Durante la excursión a Chinchón pude comprobar en primera persona la osadía de Pilar. Con el carnet de conducir recién estrenado, la muy tunanta se atrevió a coger el coche en cuanto tuvo ocasión, en una parada técnica que realizamos en el arcén de la antigua carretera comarcal que llevaba a Chinchón desde la carretera de Valencia. Como quiera que la mujer no estaba demasiado ducha que digamos en el manejo de vehículos, y que al parecer se le había olvidado donde estaba el Pilar del freno, empezó a gritar con la ventanilla abierta, descojonada de risa, que no sabía parar. No se le ocurrió a la buena de Pilar otra cosa que dar un volantazo, que a punto estuvo de volcar el coche con ella dentro. Por suerte, y debido a la poca velocidad que llevaba, se caló el motor, con lo que el Peugeot se paró a unos cien metros del lugar que ocupábamos todos los demás, expectantes ante el desenlace de aquella improvisada aventura. Mis sentimientos en aquel momento saltaban de un extremo a otro. Por un lado, sentía admiración ante aquella chica que se había atrevido a coger el coche sin haber practicado lo suficiente. Por otro lado, sentía una tristeza infinita ante la posibilidad cierta que se me había presentado de quedarme con el coche todo abollado, con la dirección rota o con cualquier otra avería de complicada solución (creo que por aquel entonces todavía no era socio del RACE, bendito salvador en muchas ocasiones de mis meteduras de pataza a la hora de coger el coche).

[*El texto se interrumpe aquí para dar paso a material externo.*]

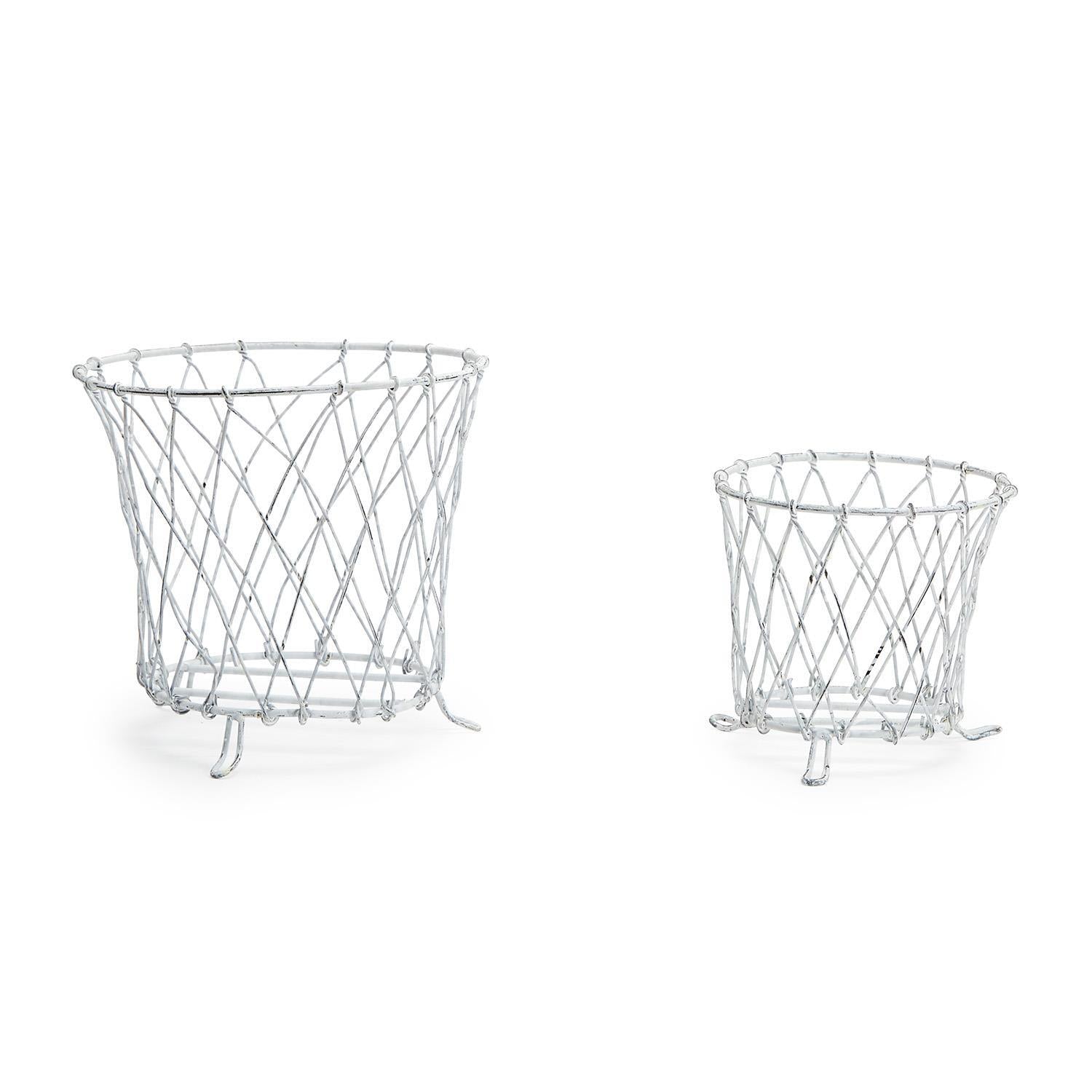 French Wireworks Pot Basket Set of 2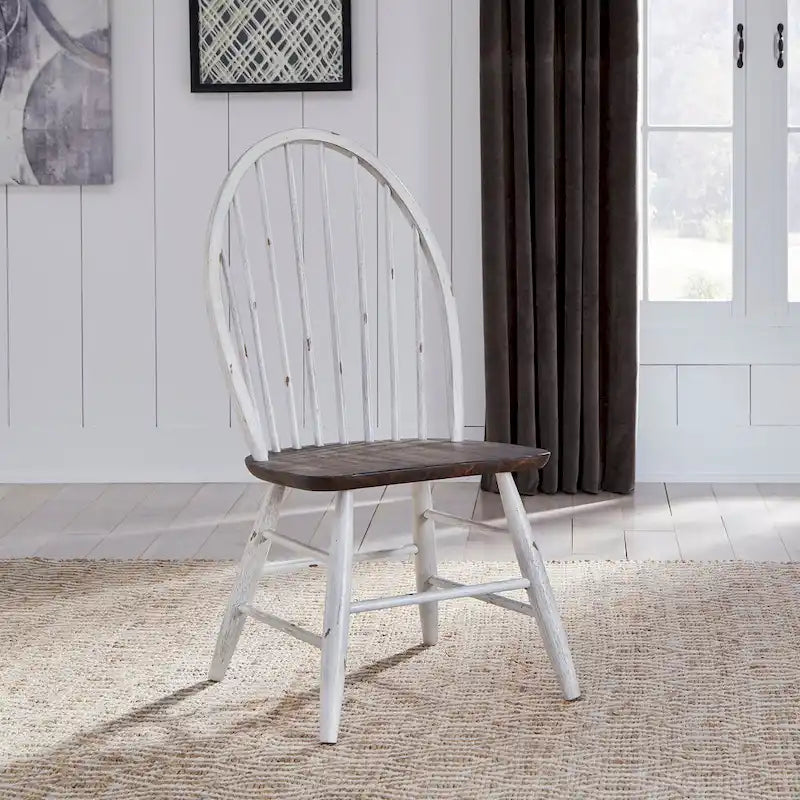 Ensemble de table à tréteaux 5 pièces, blanc et bois, style ferme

Cuando el día estaba medio nuboso, nos quedábamos en Madrid, bien en casa de Pilar, si habíamos tenido la suerte de que sus padres hicieran una salida al pueblo, o bien en cualquier tugurio de las zonas de Argüelles, Orense, Bilbao o cualquier otra. Solíamos frecuentar un pub de Orense, el Carlota, de manera similar a como lo hacían los protagonistas de “Friends”, “Cheers” o “Frasier”. Fue precisamente en “Carlota” donde el bueno de Roberto, un tío con gafas que parecía vasco por su corpulencia, nos enseñó una tarde, sin ninguna misericordia, las mil y pico de fotos que había hecho en un viaje a Argentina. Aquella tarde acabé con dolor de cabeza, os lo juro, porque además, el buen hombre comentaba cada una de las fotografías con todo lujo de detalles.

Normalmente, cuando terminaba la quedada en estos lugares, yo me dejaba caer por el “San Mateo”, para desintoxicar y para contarle a Juan Antonio mi progreso con el nuevo grupo de amiguetes. Previamente a eso, la mayoría de las veces llevaba a Pilar a su casa. A ella le encantaba, y a mi me estaba empezando a encantar. Cada vez me sentía más atraído por ella, y la sensación que me daba era que a ella le ocurría lo mismo. Descubrí rasgos suyos que me resultaban bastante sugerentes. Odiaba la lluvia hasta el punto de llegar a cancelar alguna que otra cita con el grupo de amigos. Una faceta suya que me ayudó bastante a la hora de empezar a salir juntos, como ya os contaré en los siguientes capítulos. Era muy metódica y ordenada para todo, algo que pude comprobar la primera vez que vi la casa. Estaba muy orgullosa de ella. Se la habían entregado un año antes, y ya la tenía completamente decorada a su gusto, con un estilo muy personal y cálido, nada hortera, entre funcional y agradable.

Aquellas semanas transcurrieron de una manera muy agradable, con las mencionadas excursiones a Chinchón, a Toledo, a Guadarrama... Y en especial a una, un domingo de Otoño cuya fecha no me acuerdo. Javier, el novio de Montse, nos llevó a ver el Rallye Valeo de aquel año, que discurría, entre otros lugares, por los dos pueblos de Patones, por la presa del Atazar y por toda esa zona en general. Para aquel entonces, entre dos y tres meses de habernos conocido (es una lástima que no recuerde bien la fecha. Si alguno sabe cuando se celebraba el Valeo en Madrid, le agradecería que me ayudara), la relación con Pilar estaba llegando a un punto álgido. Permaneciendo dentro del grupo, conseguíamos encontrar sin embargo muchos momentos para conversar entre nosotros. Lo que al principio no había resultado probablemente más que una cierta atracción entre dos personas con un sentido del humor similar, se estaba convirtiendo en algo más. Aquel día, ni Pilar ni yo conseguimos ver un solo coche, tan enfrascados como estábamos el uno con el otro.

Al día siguiente, lunes, empezamos a salir oficialmente juntos, pero eso, amigos, es otra entrada.